#### EXERCISE OBJECTIVE:
Restate each of the lines below word for word and drop every picture.

_ _ _ _

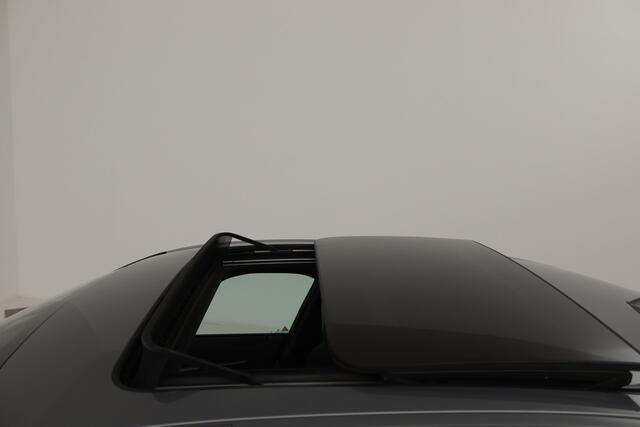 BMW 2-SERIE Gran Coupé 218i High Executive (PANORAMADAK, CAMERA, STOELVERWARMING, NAVIGATIE)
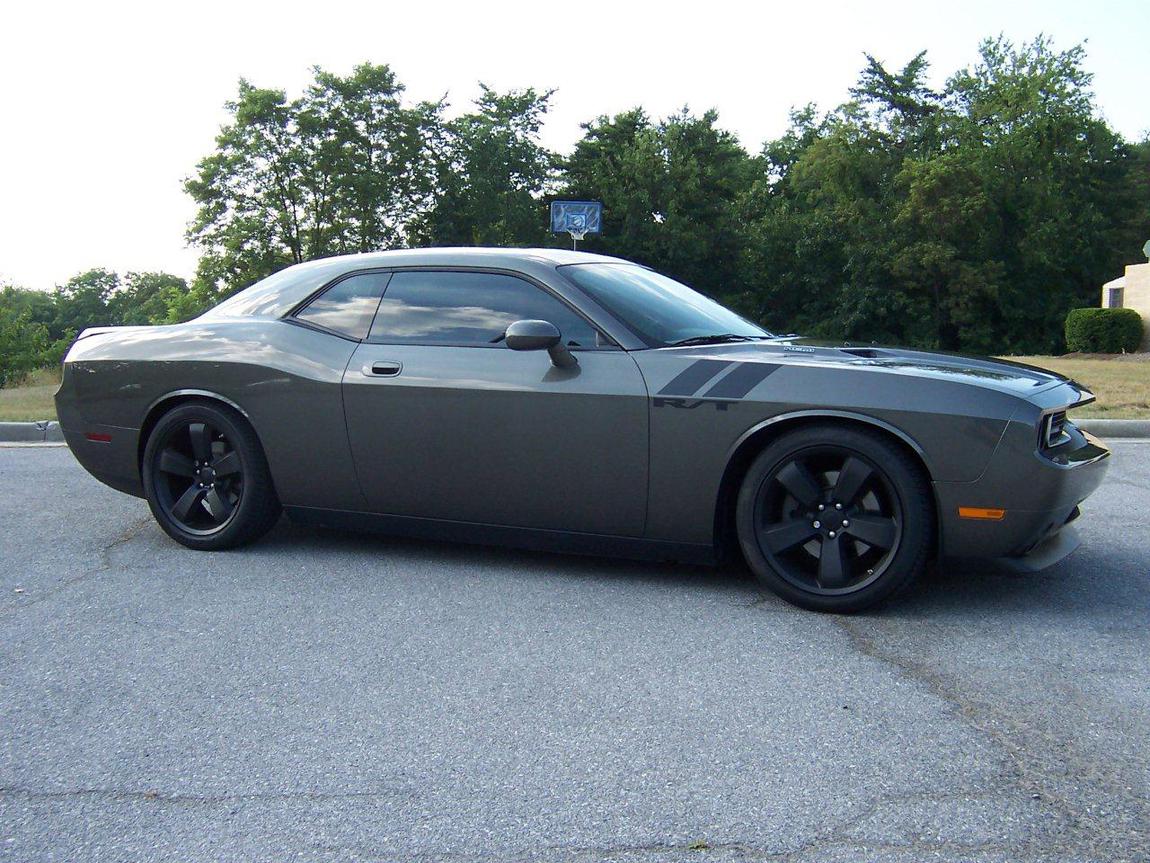 2010 Dodge Challenger photo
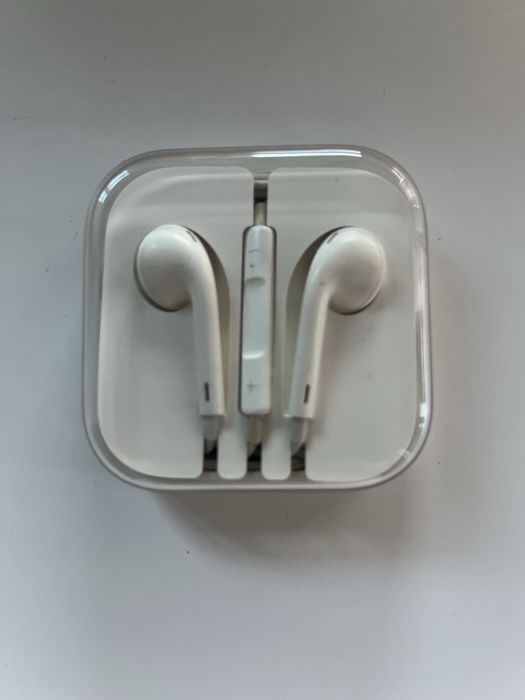 Продам проводные наушники Apple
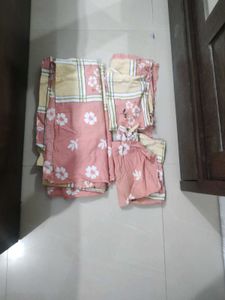 combo of two queen size Patterned Bedsheet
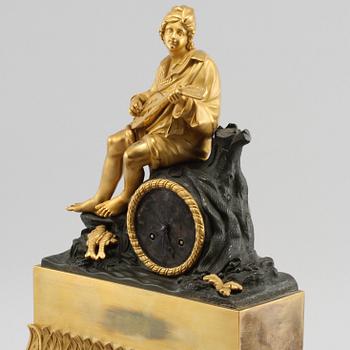 BORDSUR, patinerad och förgylld metall, empire, 1800-talets första hälft.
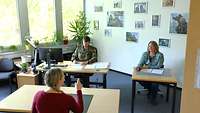 Bewerbende beim Psychologengespräch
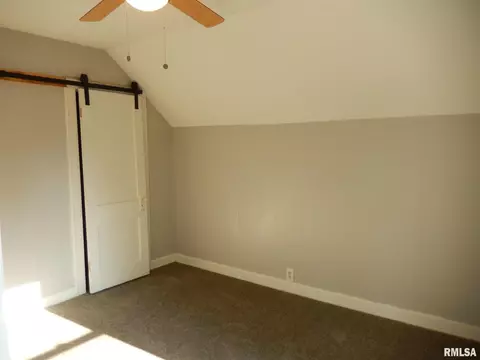 621 E Piper St, Macomb, IL 61455 photo 29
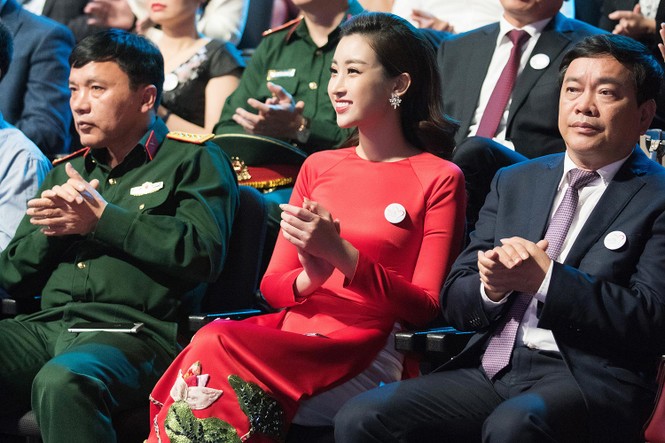 Đỗ Mỹ Linh đẹp rạng ngời xuất hiện trong Gala 10 năm 'Trái tim cho em' - ảnh 8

_ _ _ _

#### TASK OUTPUT:
 BMW 2-SERIE Gran Coupé 218i High Executive (PANORAMADAK, CAMERA, STOELVERWARMING, NAVIGATIE)
 2010 Dodge Challenger photo
 Продам проводные наушники Apple
 combo of two queen size Patterned Bedsheet
 BORDSUR, patinerad och förgylld metall, empire, 1800-talets första hälft.
 Bewerbende beim Psychologengespräch
 621 E Piper St, Macomb, IL 61455 photo 29
 Đỗ Mỹ Linh đẹp rạng ngời xuất hiện trong Gala 10 năm 'Trái tim cho em' - ảnh 8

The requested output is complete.